Because TimescaleDB is a relational database for general-purpose time-series data, it can be used in a wide variety of settings.

That configuration you cite isn’t for the core TimescaleDB time-series database or internals, but to add a specific configuration and setup optimized for Prometheus data, so that users don’t need to think about it and TimescaleDB can work with the specific Prometheus data model right out of the box.

Those “scripts” automatically setup a deployment that is optimized specifically to have TimescaleDB serve as a remote backend for Prometheus without making users think about anything. Some databases would need to write a lot of specific internal code for this; TimescaleDB can enable this flexibility through configuring proper schemas, indexes, and views instead (in addition to some specific optimizations we've done to support PromQL pushdown optimizations in-database written in Rust).

This setup also isn't something that users think about. Users install our Prometheus stack with a simple helm command.

$ helm install timescale/timescale-observability

The Timescale-Prometheus connector (written in Go) sets this all up automatically and transparently to users. All you are seeing is the result of the system being open-source rather than having various close-source configuration details :)

- https://github.com/timescale/timescale-observability

- https://github.com/timescale/timescale-prometheus

cevian · on July 21, 2020

(TimescaleDB engineer here). This is a really unfair critique.

The project you cite is super-optimized for the Prometheus use-case and data model. TimescaleDB beats InfluxDB on performance even without these optimization.

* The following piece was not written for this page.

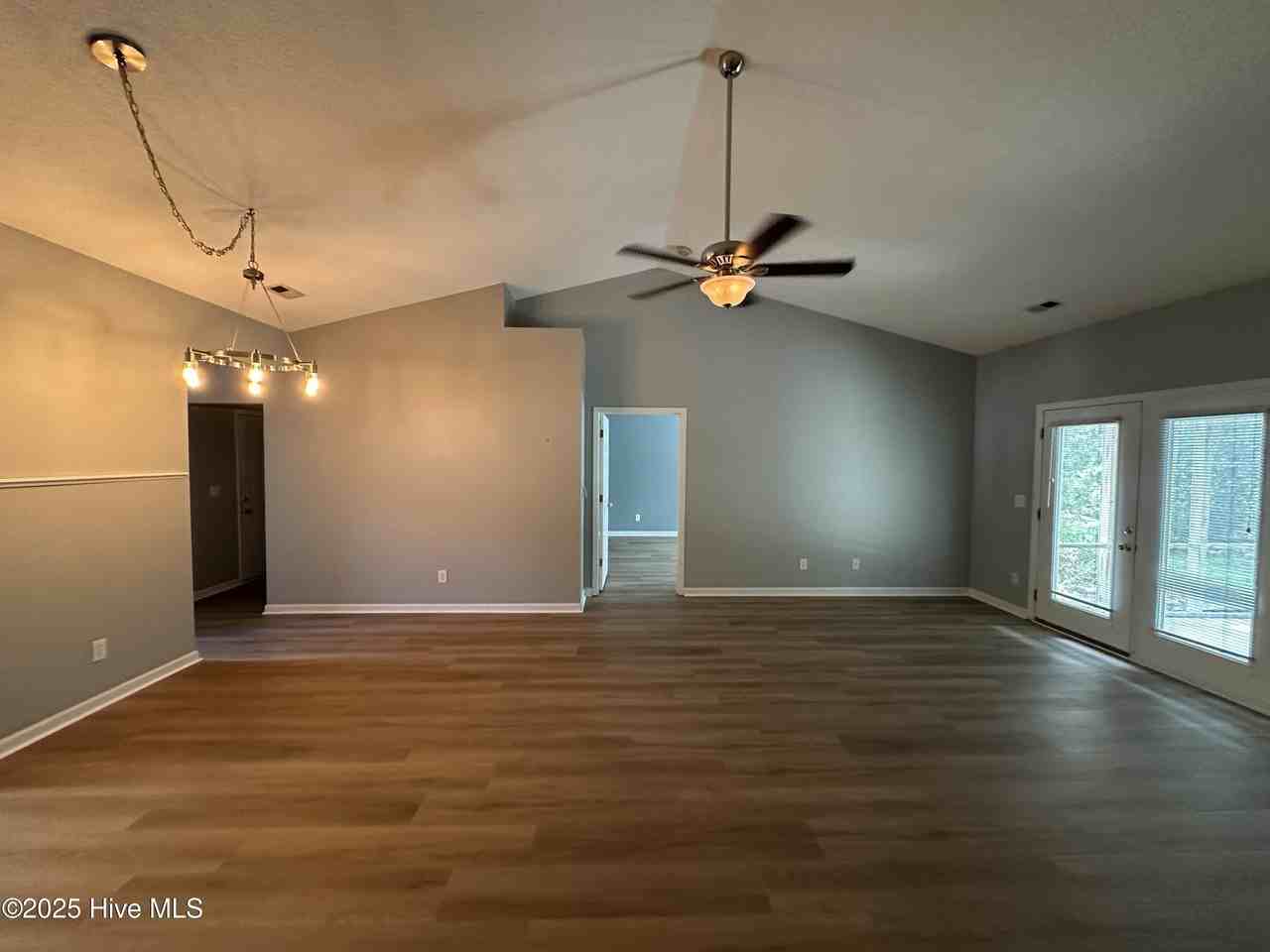 264 Bonnet Way - Photo 6 of 38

It's also not possible to optimize in this way in most other time-series databases.

These scripts also work hard to give users a UIUX experience that mimicks PromQL in a lot of ways. This isn't necessary for most projects and is a very specialized use-case. That takes up a lot of the 2000 lines you are talking about.

aeyes · on July 21, 2020

> TimescaleDB beats InfluxDB on performance even without these optimization

Would you mind sharing the schema used for this comparison? Maybe I missed it in your documentation of use-cases. When implementing dynamic tags in my own model, my tests showed that your approach is very necessary.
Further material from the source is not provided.